A obra é fortemente marcada por questões raciais como o impacto do racismo nas vivências de uma família negra. Jeferson Tenório constrói inferências inteligentes para nos mostrar como uma sociedade racista utiliza de estratégias para contribuir com a sensação de não-pertencimento das pessoas negras em situações, lugares e demais formas de existir. Passamos a viver em “não-lugares sociais”.

As manifestações racistas, vão aparecendo aos poucos no livro, como por exemplo, na passagem em que Pedro narra sobre um namoro que o pai teve, ainda jovem, com uma mulher branca. Paralelo a isso, seu pai conhece um professor na universidade, que se torna uma referência intelectual. Suas aulas o inspiram a estudar sobre classes sociais e racismo e só então seu pai começa a perceber que aquelas piadas recorrentes na mesa de jantar da casa da namorada, significavam algo problemático.

Apesar do racismo ser um fio condutor do texto, a forma como Jeferson Tenório entrelaça o tema na história faz toda a diferença. Ele consegue colocar o leitor como observador das nuances do preconceito mostrando exatamente como ele se manifesta. É possível perceber como o racismo obedece a uma escalada que pode ir do pequeno e quase imperceptível ao extremamente violento. O capítulo em que o narrador conta um pouco da história de sua mãe, podemos perceber mais uma faceta de como passamos a perceber que somos um corpo negro no mundo e que essa percepção se dará pelo olhar violento do outro.

Que cada pessoa é uma pessoa e nunca deixe te diminuírem porque você é negra, ela disse. Minha mãe, a princípio, não entendeu porque ela falara aquilo com tanta ênfase e passou dias pensando naquela palavra: "negra". Antes, ela era Martha ou Marthinha. Agora, depois de uma simples pergunta, ela passará a ser Martha e negra.
A trajetória de vida do pai de Pedro e a forma trágica e estúpida como morre, acabam servindo como uma alegoria quase gráfica do que é ser negro no Brasil. O livro nos dá campo literário e simbólico farto para pensarmos também sobre a masculinidades negra, principalmente pelo viés da solidão e dos afetos. Quando verdadeiramente olha para seu pai, Pedro acaba olhando para si e percebendo algumas armadilhas que são forjadas para o povo negro. Quando dá conta de transformar isso em algo, de elaborar uma narrativa, Pedro se sente dono da própria história. Enquanto o pai não sabia ir embora, o filho já nos dá indícios de que pode conseguir trilhar um caminho diferente.

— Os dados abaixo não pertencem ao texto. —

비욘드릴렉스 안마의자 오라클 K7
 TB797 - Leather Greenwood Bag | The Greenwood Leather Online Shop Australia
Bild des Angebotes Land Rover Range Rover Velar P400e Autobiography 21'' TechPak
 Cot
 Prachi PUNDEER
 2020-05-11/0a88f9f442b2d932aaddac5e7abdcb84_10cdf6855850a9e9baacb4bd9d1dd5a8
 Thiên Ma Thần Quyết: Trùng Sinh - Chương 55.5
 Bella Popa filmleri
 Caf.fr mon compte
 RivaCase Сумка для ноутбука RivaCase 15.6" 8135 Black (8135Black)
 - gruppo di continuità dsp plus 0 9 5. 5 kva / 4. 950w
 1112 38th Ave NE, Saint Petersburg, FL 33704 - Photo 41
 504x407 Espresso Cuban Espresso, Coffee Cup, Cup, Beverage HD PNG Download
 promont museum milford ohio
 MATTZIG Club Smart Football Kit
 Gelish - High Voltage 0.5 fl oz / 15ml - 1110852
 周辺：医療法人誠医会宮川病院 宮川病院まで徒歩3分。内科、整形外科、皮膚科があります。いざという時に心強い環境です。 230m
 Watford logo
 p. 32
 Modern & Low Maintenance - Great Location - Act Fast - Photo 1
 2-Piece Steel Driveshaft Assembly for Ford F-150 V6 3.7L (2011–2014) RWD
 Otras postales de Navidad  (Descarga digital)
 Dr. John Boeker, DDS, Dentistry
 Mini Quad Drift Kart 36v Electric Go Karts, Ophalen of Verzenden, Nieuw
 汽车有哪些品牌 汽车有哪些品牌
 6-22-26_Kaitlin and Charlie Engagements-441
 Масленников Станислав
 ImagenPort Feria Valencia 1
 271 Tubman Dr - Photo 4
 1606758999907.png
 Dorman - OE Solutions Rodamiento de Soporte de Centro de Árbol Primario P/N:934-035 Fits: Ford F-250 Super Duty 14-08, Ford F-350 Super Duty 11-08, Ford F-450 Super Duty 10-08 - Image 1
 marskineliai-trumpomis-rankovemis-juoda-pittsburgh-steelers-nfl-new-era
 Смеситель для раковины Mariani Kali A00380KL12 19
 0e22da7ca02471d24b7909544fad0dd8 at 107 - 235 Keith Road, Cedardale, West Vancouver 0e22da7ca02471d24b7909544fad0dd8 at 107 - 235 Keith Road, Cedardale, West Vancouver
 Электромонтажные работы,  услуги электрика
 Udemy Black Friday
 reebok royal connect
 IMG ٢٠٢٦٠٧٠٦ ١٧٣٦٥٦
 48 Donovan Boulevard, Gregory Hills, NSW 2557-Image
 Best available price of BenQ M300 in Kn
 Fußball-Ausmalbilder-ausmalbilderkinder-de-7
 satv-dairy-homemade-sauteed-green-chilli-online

Acho que vocês nunca se preocuparam em organizar uma narrativa para mim. Sei que o tempo foi passando e o que foi dito por vocês, antes da minha memória, foi dito em retalhos. Então precisei juntar os pedaços e inventar uma história. Por isso não estou reconstruindo esta história para você nem para minha mãe, estou reconstruindo esta história para mim. Preciso arrancar a tua ausência do meu corpo e transformá-la em vida.
“O avesso da pele” é um livro que pode provocar diversas reflexões e para além da violência do racismo, também ficou para mim a importância de conversamos com os nossos sobre a própria trajetória. O acesso e exploração de nossas memórias é o que também nos faz ser alguém no mundo e quando conhecemos quem somos e de onde viemos, passamos a ter uma consciência maior sobre nosso papel no mundo.